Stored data
··········

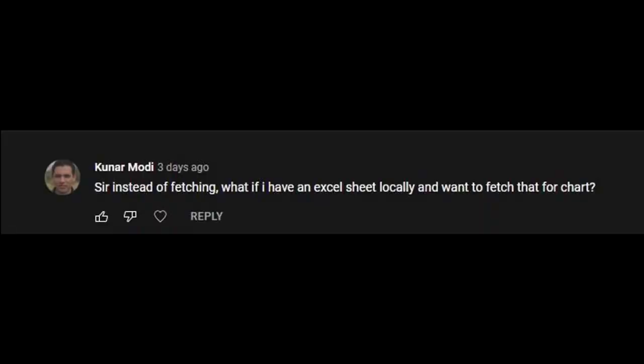I got a request to make a video on how to plot TradingView chart using data from a local Excel or CSV file. So in this video we are going to cover that. I am going to keep this video relatively short, so let's get started.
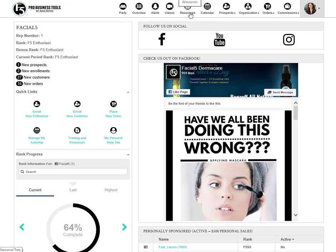The resources area is where you'll access flyers, brochures, and other documents and marketing images.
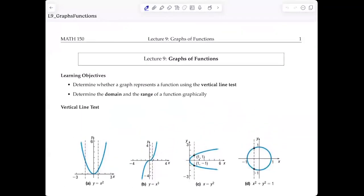Lecture 9. In this lecture, we will look at graphs of functions. We will determine if a graph represents functions or not using something called the vertical line test. There will also be a horizontal line test, but that's for later, right after the test. The vertical line test will tell you if the graph represents functions or not. And then we're going to use the graph to determine the domain and range of the functions.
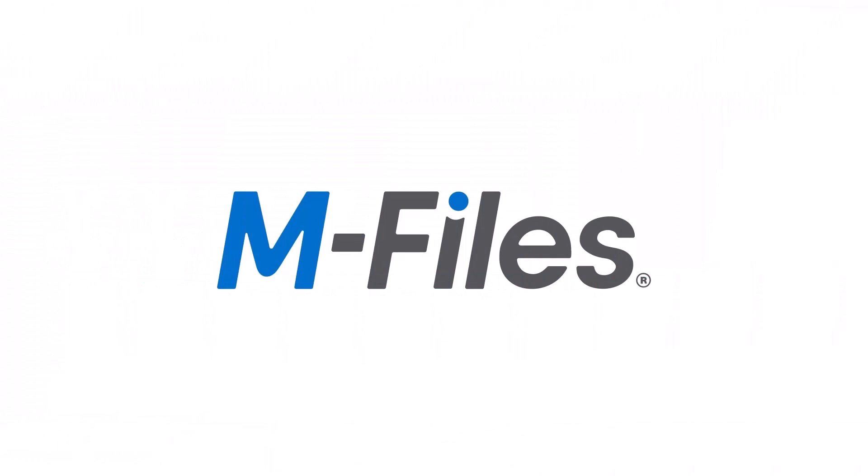M-Files has all these awesome features to help you with your daily work and even more. Just jump into the next video to find out what's going on—pun intended. I'll see you there.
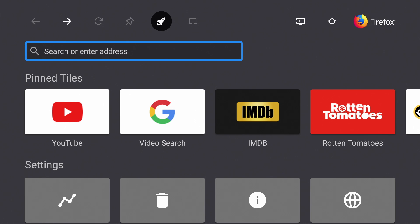But that's pretty much it. This browser works really well on the Chromecast with Google TV. Thanks for watching, and I hope this video helped you out.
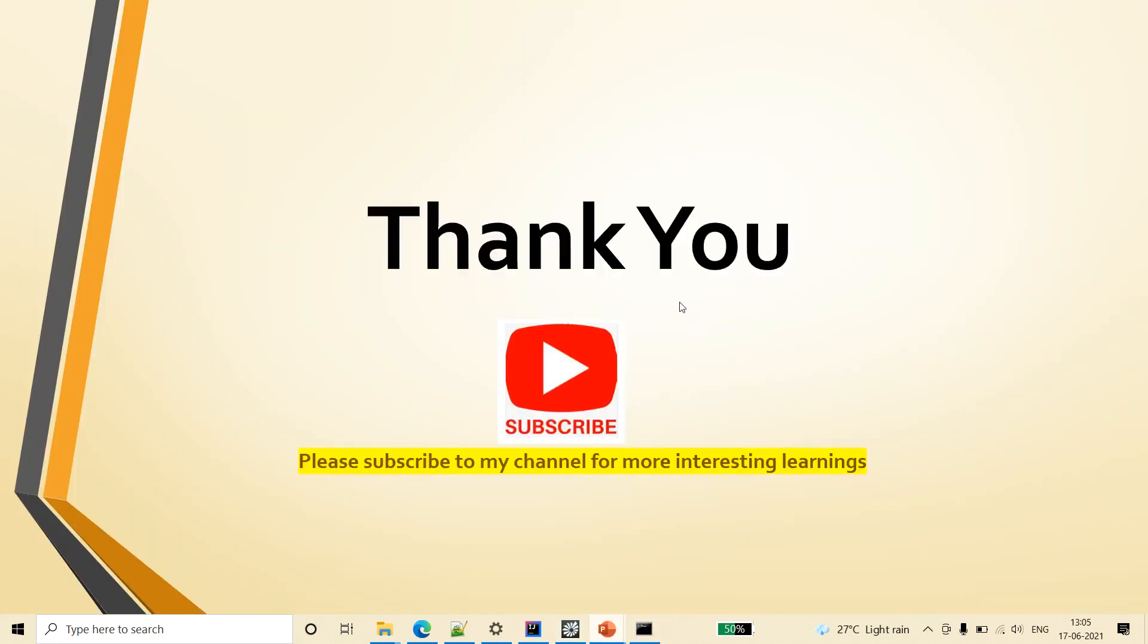Thank you for watching the video friends, please subscribe to my channel for more interesting learning and provide your valuable feedback in the comment section. Thank you.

··········

# TASK GOAL:
Every line of the records above should be copied exactly, while the pictures are left behind.

# WRITTEN SOLUTION:
I got a request to make a video on how to plot TradingView chart using data from a local Excel or CSV file. So in this video we are going to cover that. I am going to keep this video relatively short, so let's get started.
The resources area is where you'll access flyers, brochures, and other documents and marketing images.
Lecture 9. In this lecture, we will look at graphs of functions. We will determine if a graph represents functions or not using something called the vertical line test. There will also be a horizontal line test, but that's for later, right after the test. The vertical line test will tell you if the graph represents functions or not. And then we're going to use the graph to determine the domain and range of the functions.
M-Files has all these awesome features to help you with your daily work and even more. Just jump into the next video to find out what's going on—pun intended. I'll see you there.
But that's pretty much it. This browser works really well on the Chromecast with Google TV. Thanks for watching, and I hope this video helped you out.
Thank you for watching the video friends, please subscribe to my channel for more interesting learning and provide your valuable feedback in the comment section. Thank you.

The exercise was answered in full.